Plan Your Application Monitoring Strategy
Traditionally, monitoring and capturing diagnostic information about an application’s behavior has been a development exercise that involves writing information to a log file or publishing it to the system event log. The development team is responsible for deciding what information to collect. In this scenario, organizations rely on end users or QA staff for problem detection and notification, and log files provide the diagnostics.
Lowering the TCO for an application requires moving beyond this method of monitoring to a proactive application performance management approach. To do this, it is vital to understand how collected information is interpreted throughout the problem resolution process and to standardize the presentation of that diagnostic information across all applications. Using a standard platform for monitoring and data collection throughout the application lifecycle reduces TCO. In addition, using a standard monitoring and data-collection platform shortens development cycles, because developers are able to focus less on instrumentation and more on core application logic. Time-to-market is improved as well, due to reduced cycles in development and QA.
Imagine an application that requires access to a file on the fileserver. What happens if the IT department changes a security policy and causes an "access denied" error? The health model rules will note an application state of "failed" and automatically notify the appropriate team within the IT department. Additionally, it would typically collect supporting diagnostic information that help indicate the type of problem, specific information about this particular instance of the problem, and steps required to resolve the error. The diagnostic information collected would likely include the specific file being accessed, the security error, and the precise permissions required to restore normal application behavior.
This example illustrates how the health model enables management of well-known potential application problems. However, this approach can be costly from both a design and development perspective because it does not necessarily accommodate unanticipated problems. A more cost-effective and proactive approach is possible by marrying a health model with an always-on application monitoring solution—one that provides 24/7 detection and diagnosis of both expected and unexpected application problems.
To improve the problem resolution process, ensure optimal application availability, and lower the total cost of application ownership, a monitoring environment should provide "roll-up" capabilities that combine application events and state transitions to deliver an overall view of both application performance and the health state of individual servers, services, and applications.
For example, a business application is likely to depend on at least four separate areas of functionality: a data tier, application tier, interface tier, and utility services such as Active Directory, DNS, and networking. Suppose the application encounters an error stemming from a problem with a database server that became corrupt or ran out of memory. The health model would indicate a "failed" state for the application. If the IT operator cannot see the performance data and error messages relating to the database server, it will be difficult to diagnose the problem accurately. A similar type of problem occurs when an application component relies on a web service exposed by another organization for its source data. The health model will indicate a "failed" state even if it is the web service that has failed, and is not due to the application.

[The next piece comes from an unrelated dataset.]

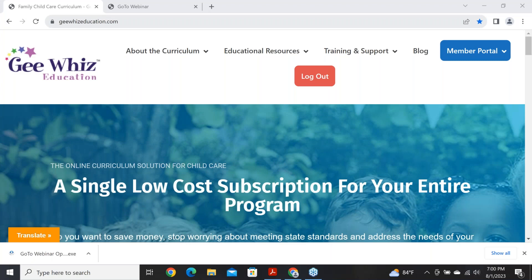Good evening, everyone. My name is Sheri Mayberry, and I want to welcome you to our webinar tonight with an introduction to GWIS education and also talking about lesson planning for mixed age groups. We're starting right at 7 because we have a lot to cover. We are recording tonight, and the recording will be on our website probably sometime tomorrow under the training and support tab, under webinar training.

Integration With Problem Management Workflow
Integration is the next requirement. New applications and monitoring solutions should integrate into existing incident and problem management workflows. Most monitoring solutions can provide application information in a format compatible with existing formal processes. A monitoring solution should be flexible enough to fit the needs of individual teams. Developers or operations staff should have formalized communication channels, so bug reports and feature requests undergo a strictly controlled process. Seamlessly integrating new applications into existing management systems, structures and methods minimizes application downtime and circumvents communication problems that plague companies and leave application problems unresolved.
As code is developed, the information in the health model assists in locating faults and accelerates development, thereby reducing schedule risk, and lowering development costs. In addition, when the code fails, developers can use the resulting state changes to quickly locate the fault and determine the root cause. The health model contains all the state changes, so developers are better assured that their instrumentation will detect any errors.
Adhering to best practices and principles for designing and developing applications depends on establishing an accurate and comprehensive monitoring solution. This solution should provide coverage for the entire application, including its dependencies on other services and components, and it should contain the knowledge required to diagnose, resolve, and ensure the resolution of application errors.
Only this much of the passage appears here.